Children came to one of these schools, a building that in another life was a three-bay garage, on a first-come, first-serve basis, with the Synod incurring the cost of the entire education process. The refugee children who attended had never been to school. A 12-year old boy had never seen a bathroom with a toilet. He, nor any of the other children, did not know their alphabet or their colors. The clothes on their backs were the ones they had been wearing for many days. It is this type of child the Synod is called to educate. It is beyond anything imaginable. Where does one begin with a lost generation of children?

Couple this challenge and place this story with Lebanon now becoming a collapsed state. There is a recipe for disaster here on a scale of unimaginable proportion. For the average Lebanese person, unemployment is 60%, food has increased nearly 500% and wages have plummeted by 90%. There is little money to care for one’s family let alone care for the refugees. The government has failed to form year after year and global, governmental relief is nowhere to be found. Corruption is a word heard everywhere. 

As we entered our vehicle for a ride to another location and to say goodbye to this place, the only question that came to my mind was this: My God, where are you in this suffering? God, you are the only one that can make sense out of this. I can’t.

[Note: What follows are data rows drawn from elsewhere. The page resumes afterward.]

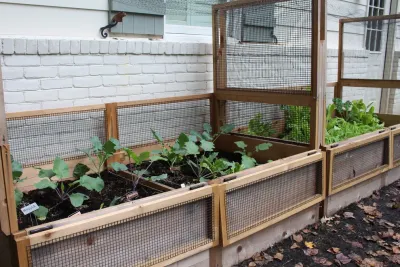VA Residential Edible Garden — Landscape Construction project by Rooftop Roots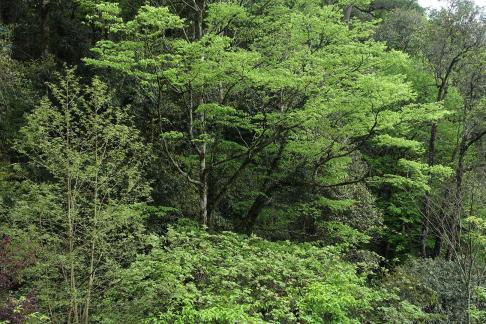Green curtain hanging clouds 6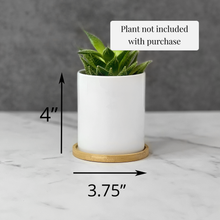 Load image into Gallery viewer, Say Aloe To My Little Friend Planter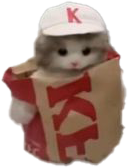 CuteKFCCat emote for Discord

As the day gathered strength, however, and as we met with the lovely people of Lebanon, I kept asking myself this question. God, where are you? Slowly, in conversations while breaking bread, sipping some world-famous Lebanese wine, and eating with a Maronite monk, I have discovered that I don’t think I have been asked to answer the question of where God is in the midst of suffering. The situation is bigger than I will ever understand. Instead, I think I have been called to pull alongside the people in Lebanon, to be with them and the refugees, to show up, to listen, to learn, and to respond in ways that I can. Early in my life, I didn’t sense that this was all that important to simply show up, but it has tremendous value in this troubled land for in doing so, the question of suffering does not get answered, but it is less loudly asked.

I think that is the very best I can do right now with that question.

God has called me to be here and to be with the people. Namely, I have been called to love these people and support them as best I can, and leave the larger questions to God.